In physics, chemistry, and electronic engineering, an electron hole (often simply called a hole) is a quasiparticle denoting the lack of an electron at a position where one could exist in an atom or atomic lattice. Since in a normal atom or crystal lattice the negative charge of the electrons is balanced by the positive charge of the atomic nuclei, the absence of an electron leaves a net positive charge at the hole's location.
In crystals, electronic band structure calculations lead to an effective mass for the electrons that is typically negative at the top of a band. The negative mass is an unintuitive concept,[2] and in these situations, a more familiar picture is found by considering a positive charge with a positive mass.
Solid-state physics
In solid-state physics, an electron hole (usually referred to simply as a hole) is the absence of an electron from a full valence band. A hole is essentially a way to conceptualize the interactions of the electrons within a nearly full valence band of a crystal lattice, which is missing a small fraction of its electrons. In some ways, the behavior of a hole within a semiconductor crystal lattice is comparable to that of the bubble in a full bottle of water.[3]
The hole concept was pioneered in 1929 by Rudolf Peierls, who analyzed the Hall effect using Bloch's theorem, and demonstrated that a nearly full and a nearly empty Brillouin zones give the opposite Hall voltages. The concept of an electron hole in solid-state physics predates the concept of a hole in Dirac equation, but there is no evidence that it would have influenced Dirac's thinking.[4]
Simplified analogy: Empty seat in an auditorium
Hole conduction in a valence band can be explained by the following analogy:
Imagine a row of people seated in an auditorium, where there are no spare chairs. Someone in the middle of the row wants to leave, so he jumps over the back of the seat into another row, and walks out. The empty row is analogous to the conduction band, and the person walking out is analogous to a conduction electron.
Now imagine someone else comes along and wants to sit down. The empty row has a poor view; so he does not want to sit there. Instead, a person in the crowded row moves into the empty seat the first person left behind. The empty seat moves one spot closer to the edge and the person waiting to sit down. The next person follows, and the next, et cetera. One could say that the empty seat moves towards the edge of the row. Once the empty seat reaches the edge, the new person can sit down.

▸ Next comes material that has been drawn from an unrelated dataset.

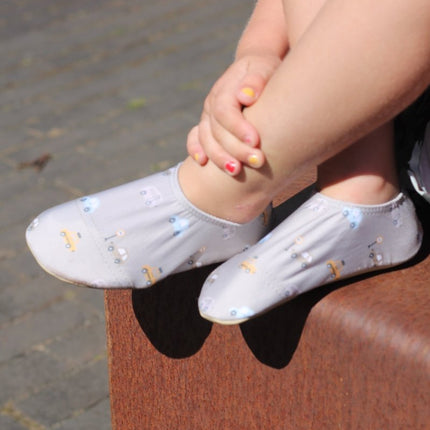 Slipstop Waterschoentjes Cars Naturel Boys koop je bij Babywinkel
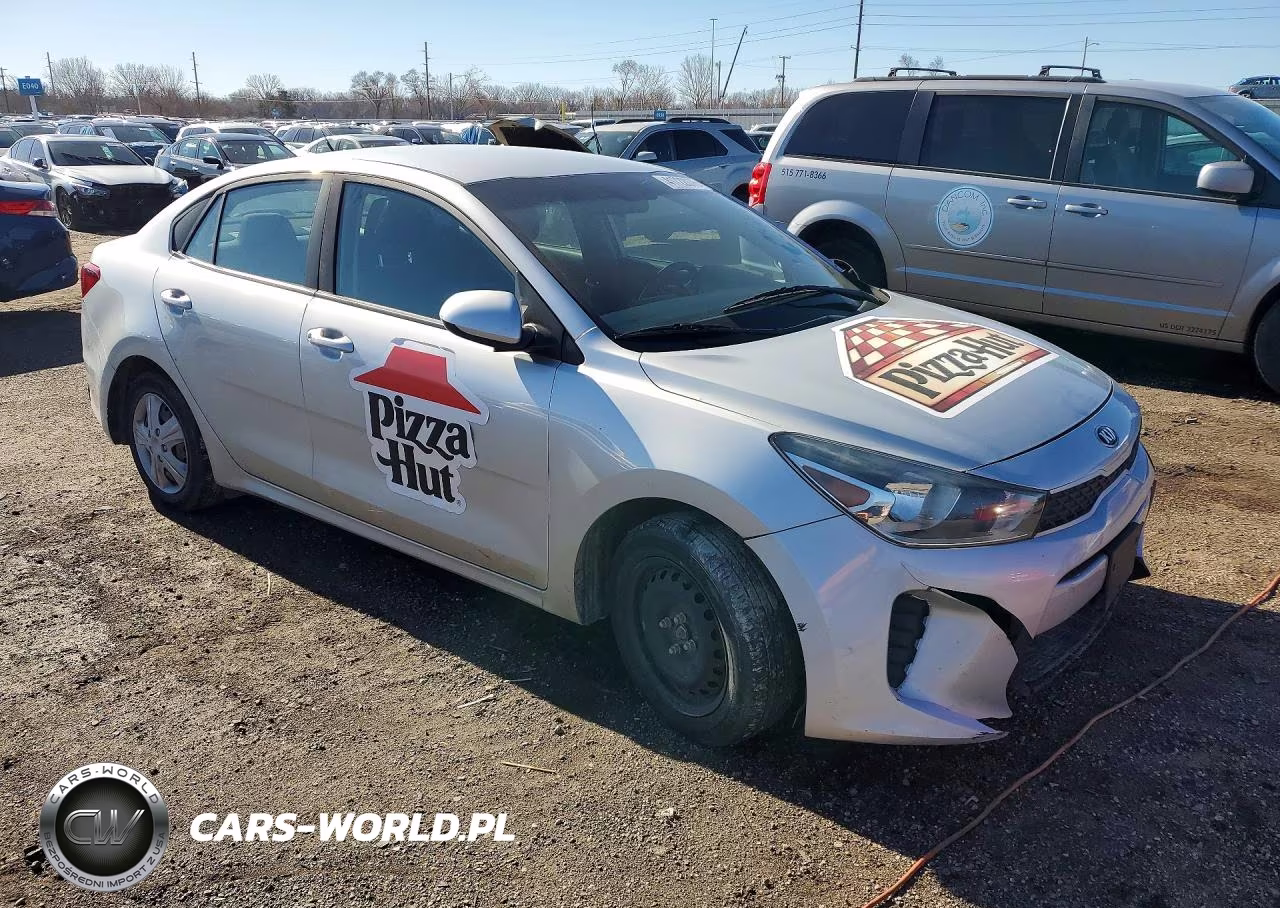 2019 Kia Rio VIN:3KPA24AB6KE220839 - 4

In the process everyone in the row has moved along. If those people were negatively charged (like electrons), this movement would constitute conduction. If the seats themselves were positively charged, then only the vacant seat would be positive. This is a very simple model of how hole conduction works.
Instead of analyzing the movement of an empty state in the valence band as the movement of many separate electrons, a single equivalent imaginary particle called a "hole" is considered. In an applied electric field, the electrons move in one direction, corresponding to the hole moving in the other. If a hole associates itself with a neutral atom, that atom loses an electron and becomes positive. Therefore, the hole is taken to have positive charge of +e, precisely the opposite of the electron charge.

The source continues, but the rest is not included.